Y como colofón de sus preocupaciones existenciales (las de los personajes, entre las que asoman las narices del autor) la realidad de la muerte, para el hombre que muere y para los que lo sobreviven:
“Lo que se muere no es ese cuerpo inerte en el quirófano. La muerte es las películas que ya no vio ni verá, la música que no volverá a emocionarlo en sus oídos ni a estremecerlo con una sensación de dicha o de tristeza que no se puede trasmitir sino con esa misma música intraducible a ningún otro lenguaje. La muerte es no tener al único con quien único uno podía conversar de ciertas cosas. Es una manera que no volverá a existir de entender y analizar una película, una interpretación musical, un ritmo, un encuadre.

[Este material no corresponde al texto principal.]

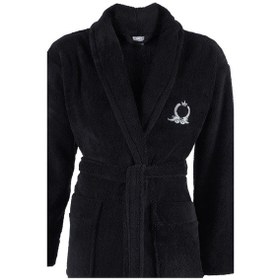 Resim Maisonart Rob Şalyaka Wellsoft Peluş Sabahlık Robdeşambr Bornoz Siyah S/m Siyah 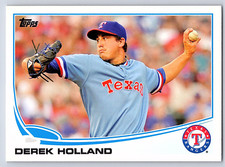 2013 Topps Series 2 Base # 591 - Derek Holland - Texas Rangers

Es perder la mirada de entendimiento que no requería nada más para saber que ahí había una instantánea y compartida compresión de lo humano, de lo inhumano, de lo triste o alegre o ridículo o despreciable…”.
Novela tierna y despiadada. Historia de una vida y de la vida. Un canto al amor y a la amistad, al dolor y a la soledad. Una novela con la que, otra vez, Héctor Abad Faciolince consigue el acierto de dejarnos sedimentos intelectuales y sentimentales difíciles de limpiar, como volver a comprobar que –según suele decir– el amor todo lo puede, pero la muerte, a veces, casi siempre, tiene más poder pues, como nos recordó Kundera –precisamente hablando del asunto que nos ocupa- “la vida humana como tal es una derrota. Lo único que nos queda ante esa irremediable derrota que llamamos vida es intentar comprenderla. Esta es la razón de ser del arte de la novela”. Es la razón de ser de esta novela, Salvo mi corazón, todo está bien.

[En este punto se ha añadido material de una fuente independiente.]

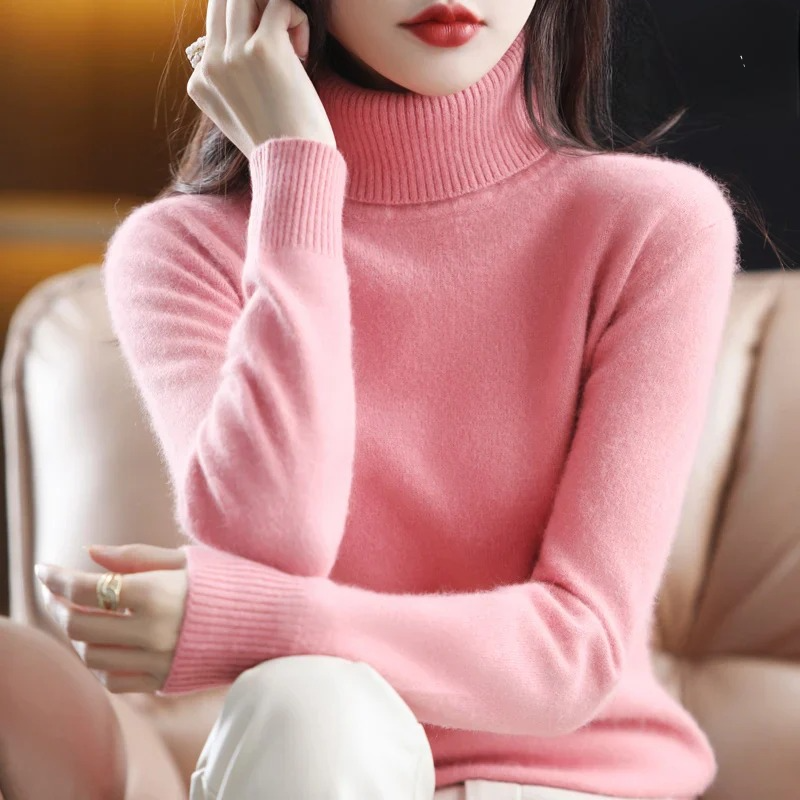 Maglione Dolcevita Donna Elegante Slim Fit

Quién es Héctor Abad Faciolince
♦ Nació en Medellín, Colombia, en 1958.
♦ Es escritor y periodista.
♦ Es conocido por sus libros Angosta, que obtuvo en abril de 2005 en China el premio a la mejor novela extranjera, y El olvido que seremos, sobre la vida y asesinato de su padre Héctor Abad Gómez, al que fue otorgado el premio Casa de América Latina de Portugal por el libro como mejor obra latinoamericana y el Premio Wola-Duke en Derechos Humanos.